-- Exercise prompt --
Repeat all of the data word for word so that only the pictures are missing from the copy.

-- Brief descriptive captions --
+===+
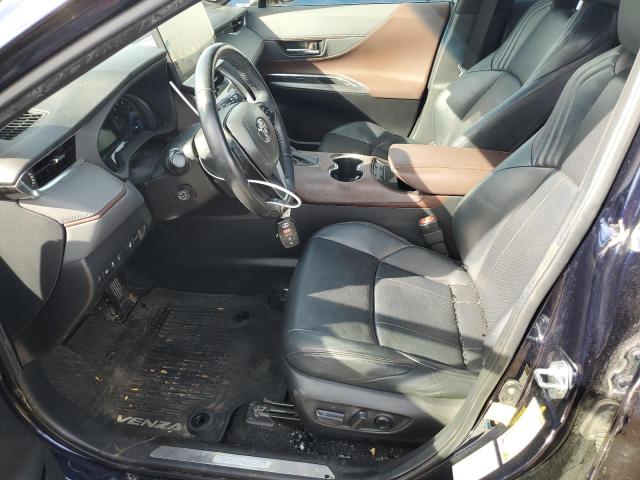 2021 TOYOTA VENZA LE - JTEAAAAH0MJ030753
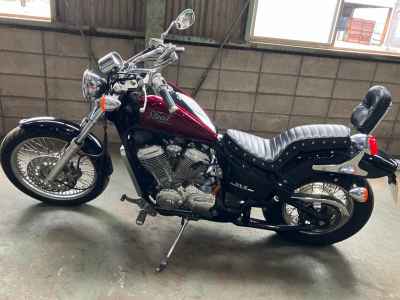 Honda Steed 600VLX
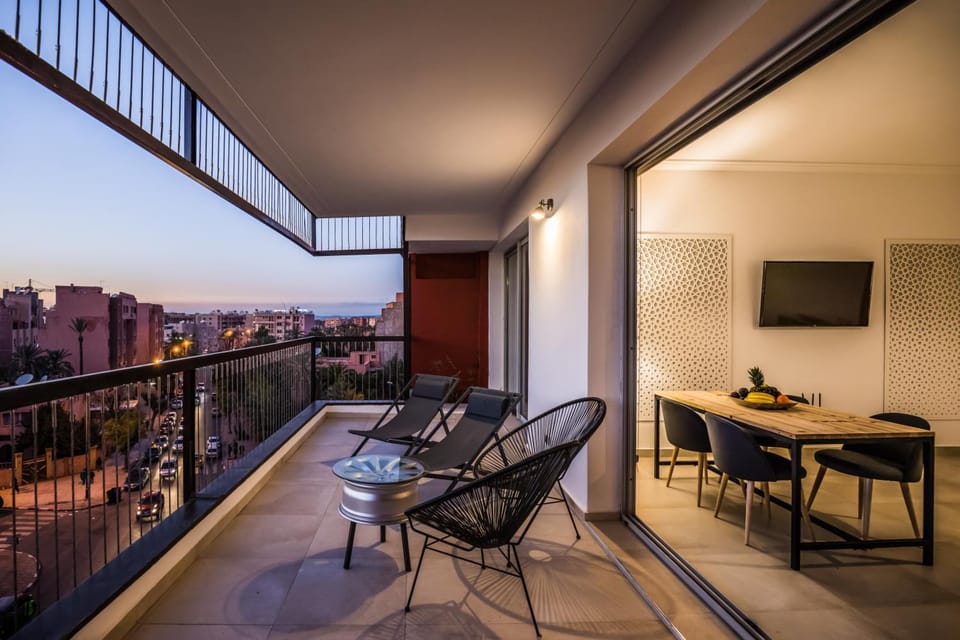 M Appart Apartment hotel in Marrakesh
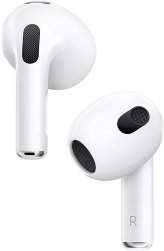 Magnetic Charging Wireless Earbuds - White
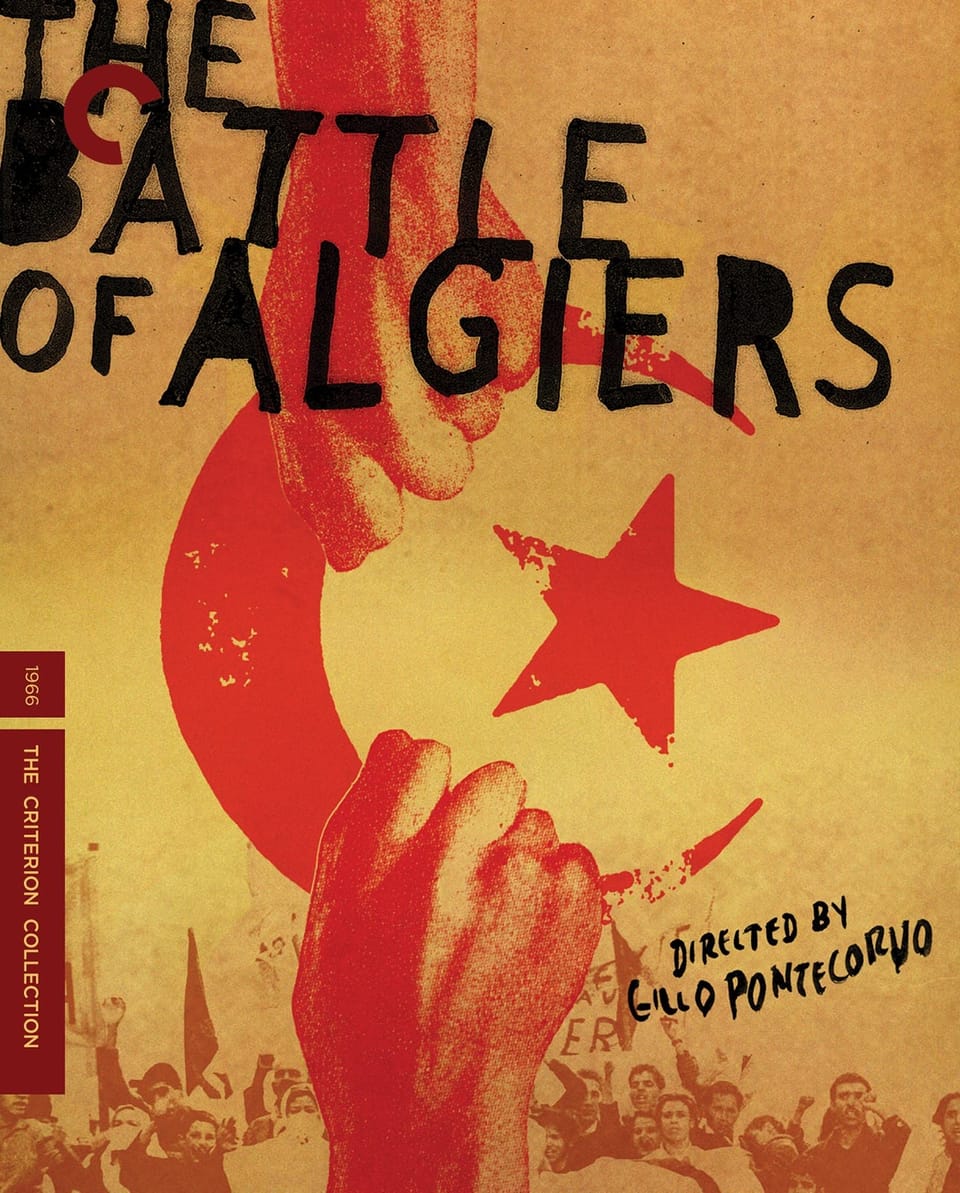 The Battle of Algiers (1966) Review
+===+
-- Exercise response --
 2021 TOYOTA VENZA LE - JTEAAAAH0MJ030753
 Honda Steed 600VLX
 M Appart Apartment hotel in Marrakesh
 Magnetic Charging Wireless Earbuds - White
 The Battle of Algiers (1966) Review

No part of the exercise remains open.